- **EXERCISE**:
If a line in the entries contains the word "Photo", list it.

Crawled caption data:

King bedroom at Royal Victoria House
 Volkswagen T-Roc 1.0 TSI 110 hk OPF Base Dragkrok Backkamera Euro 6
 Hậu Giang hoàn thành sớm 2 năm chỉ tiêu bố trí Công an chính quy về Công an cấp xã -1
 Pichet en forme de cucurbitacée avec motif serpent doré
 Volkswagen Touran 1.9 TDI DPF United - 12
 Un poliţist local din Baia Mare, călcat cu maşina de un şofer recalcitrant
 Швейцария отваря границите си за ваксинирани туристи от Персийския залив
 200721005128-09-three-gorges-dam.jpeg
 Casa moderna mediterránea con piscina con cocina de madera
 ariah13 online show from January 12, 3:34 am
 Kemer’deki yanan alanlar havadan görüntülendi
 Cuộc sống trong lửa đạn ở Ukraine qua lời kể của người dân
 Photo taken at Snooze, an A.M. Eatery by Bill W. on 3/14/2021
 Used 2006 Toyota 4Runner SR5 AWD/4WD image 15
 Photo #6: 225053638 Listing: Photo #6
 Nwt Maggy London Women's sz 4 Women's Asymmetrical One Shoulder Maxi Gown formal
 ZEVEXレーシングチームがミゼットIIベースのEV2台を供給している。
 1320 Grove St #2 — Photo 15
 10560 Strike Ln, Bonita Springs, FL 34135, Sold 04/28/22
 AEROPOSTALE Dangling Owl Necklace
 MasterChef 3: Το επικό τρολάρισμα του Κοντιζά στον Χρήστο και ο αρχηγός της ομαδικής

- **SOLUTION TO THE EXERCISE**:
 Photo taken at Snooze, an A.M. Eatery by Bill W. on 3/14/2021
 Photo #6: 225053638 Listing: Photo #6
 1320 Grove St #2 — Photo 15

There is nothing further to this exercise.